A grand challenge for science is to understand the human implications of global environmental change and to help society cope with those changes. Virtually all the scientific questions associated with this challenge depend on geospatial information (geoinformation) and on the ability of scientists, working individually and in groups, to interact with that information in flexible and increasingly complex ways. Another grand challenge is how to respond to calamities—terrorist activities, other human-induced crises, and natural disasters. Much of the information that underpins emergency preparedness, response, recovery, and mitigation is geospatial in nature. In terrorist situations, for example, origins and destinations of phone calls and e-mail messages, travel patterns of individuals, dispersal patterns of airborne chemicals, assessment of places at risk, and the allocation of resources all involve geospatial information. Much of the work addressing environment- and emergency-related concerns will depend on how productively humans are able to integrate, distill, and correlate a wide range of seemingly unrelated information. In addition to critical advances in location-aware computing, databases, and data mining methods, advances in the human-computer interface will couple new computational capabilities with human cognitive capabilities.
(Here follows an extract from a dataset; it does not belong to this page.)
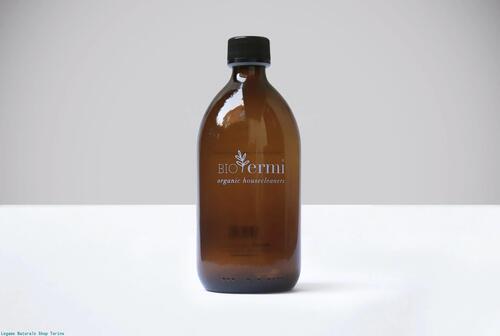 BOTTIGLIA VUOTA IN VETRO PER SUPERCONCENTRATI SERIGRAFATA CON TAPPO - BIOERMI BOTTIGLIA VUOTA IN VETRO PER SUPERCONCENTRATI SERIGRAFATA CON TAPPO - BIOERMI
This report outlines an interdisciplinary research roadmap at the intersection of computer science and geospatial information science. The report was developed by a committee convened by the Computer Science and Telecommunications Board of the National Research Council, in response to requests from the National Science Foundation, the National Aeronautics and Space Administration, and the Environmental Protec-
tion Agency. The scenarios and examples in the report illustrate the exciting opportunities opening up as research enhances the accessibility and usability of geospatial information. The recommendations for research investments were derived from suggestions presented at a workshop (details are available in the Preface and in Appendix B), white papers submitted by workshop participants, and input from several outside experts.
WHY RESEARCH IS NEEDED NOW
Imagine a world in which geospatial information is available to all who need it (and who have permission to use it) in a timely fashion, with a user friendly interface and (if wanted) integrated in a real-world context. As the volume of geospatial data (geodata) increases by several orders of magnitude over the next decade, so will the potential for corresponding advances in knowledge of our natural world and in our ability to react to the changes taking place. The information distilled from these data will enable more productive environmental and social science, better business decisions, more effective urban and regional planning and environmental management, and better-informed policy making at all levels, from the local to the global.
The evolution of location sensing, mobile computing, and wireless networking is creating a new class of computing. Location-aware computing systems behave differently according to the user’s location. They operate either spontaneously (e.g., warning of a nearby hazard) or when activated by a user request (e.g., where is the nearest police station?). Sensors that record their location and some information about the surrounding environment (e.g., temperature and humidity) are being deployed to monitor the state of roads, buildings, agricultural crops, and many other objects. For example, Smart Dust sensors (devices that combine microelectromechanical sensors with wireless communication, processing, and batteries into a package about a cubic millimeter in size) can be deployed along remote mountain roads to determine the velocity and direction of passing vehicles or can be attached to animals to record where they travel. The data transmitted wirelessly in real time from such location-sensing devices are growing not only in volume but also in complexity. Advances in location-aware computing could greatly affect how geospatial data are acquired, how and with what quality they can be delivered, and how mobile and geographically distributed systems are designed.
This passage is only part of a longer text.